Sandy Alderson should just come out already and announce that he is buy-curious.
|Don't let the gruff exterior fool you. Beneath that scowl is one buy-curious general manager.|
It’s no secret that Alderson has been talking to some potential partners as the deadline approaches. These partners might have what Sandy is looking for, while others are probably asking for Sandy to give up too much in return. Some of these other partners might also be hanging on the playoff fence, making them buy-curious as well. No one’s telling Sandy to meet up with these fellow buy-curious general managers, but perhaps they have something to offer that the Mets could use to assist them in the future, without having to give up the farm.
The Mets are not the Miami Marlins, who this year basically jumped up and down on the couch to announce they were going to be more than just buy-curious. They just came out and proclaimed loud and proud that they were buy, buy, buy. Unfortunately, everyone doesn’t love the Marlins anymore and it’s more like bye, bye, bye these days in South Beach, with the Marlins selling off everything but their autographed Rue McClanahan poster. (But I’m still watching eBay daily hoping they decide to list it.)
Sandy Alderson has done a good job putting this Mets team together with the chips he’s been given. The present might be full of dark clouds, but the future is looking bright. Matt Harvey will not become this trade deadline’s Scott Kazmir. Instead of packing his bags to head for another organization, Harvey is packing his bags for Arizona, where he will be making his major league debut tonight against the Diamondbacks. The only names being tossed around at this year’s trade deadline are Scott Hairston and Tim Byrdak, neither of whom have the potential to become this year’s Ty Wigginton and Jose Bautista.

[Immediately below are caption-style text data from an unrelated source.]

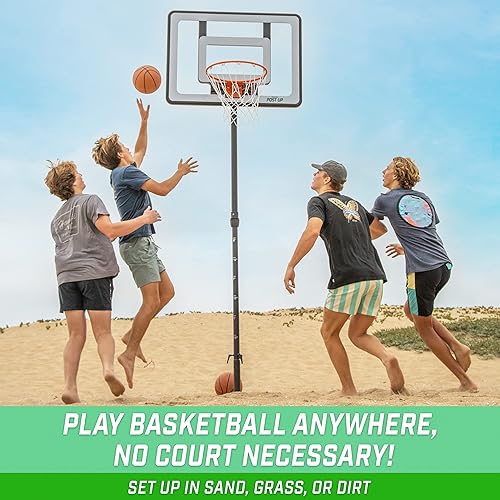 Miniatura 2 de GoSports Post Up - Aro de baloncesto portátil de playa para niños y adultos, juega en césped o arena, incluye 2 pelotas de baloncesto, bomba y bolsa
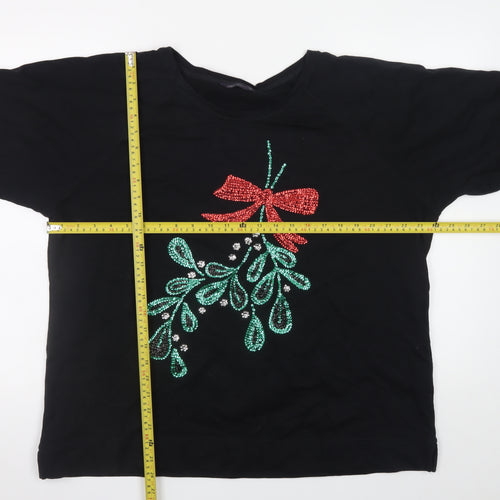 Marks and Spencer Women Black Size 22 Sequin Bow Christmas Sweatshirt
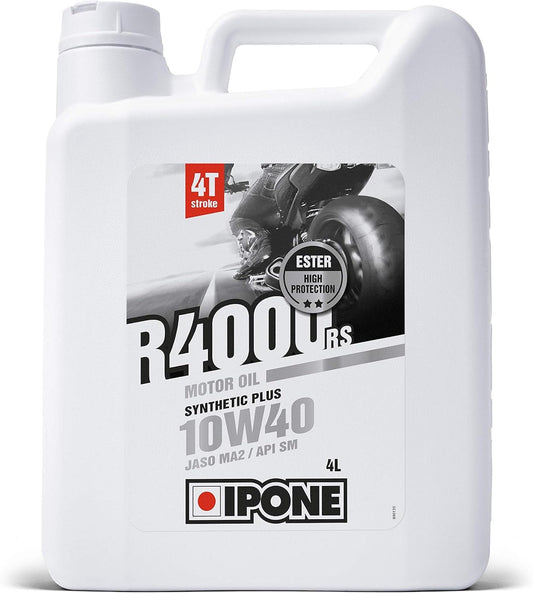 IPONE – motoreļļa VT motociklam 10W40 R4000 RS – 4 litru kanniņa – daļēji sintētisks smērviela ar esteru – izcila kvalitāte – izcila nodilumizturība un motora aizsardzība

The Mets are seven games behind the Braves for the final wild card spot. They were closer to the wild card leader in 2004 when Duquette became Trader Jim. They’re still close enough that they don’t have to follow the example learned by those who attend the Miami Marlins School of Business. But they’re not close enough where they have to trade off their future to acquire a player who may or may not get them over the top in the present.
So Sandy, if you’re reading this, you’ve done a fine job so far. Don’t mess things up by doing something the Mets might regret. Be buy-curious if you feel it’s best for you and the team’s future. Just don’t force things to happen. It didn’t work for Dan Duquette and it didn’t work for those fried fish in Florida. Let’s make it work this time around, okay?
Now let me get off this soapbox before it collapses faster than the Phillies’ NL East dynasty. I should probably be a little buy-curious myself about a new soapbox before the Mets give me another reason to hop back onto it.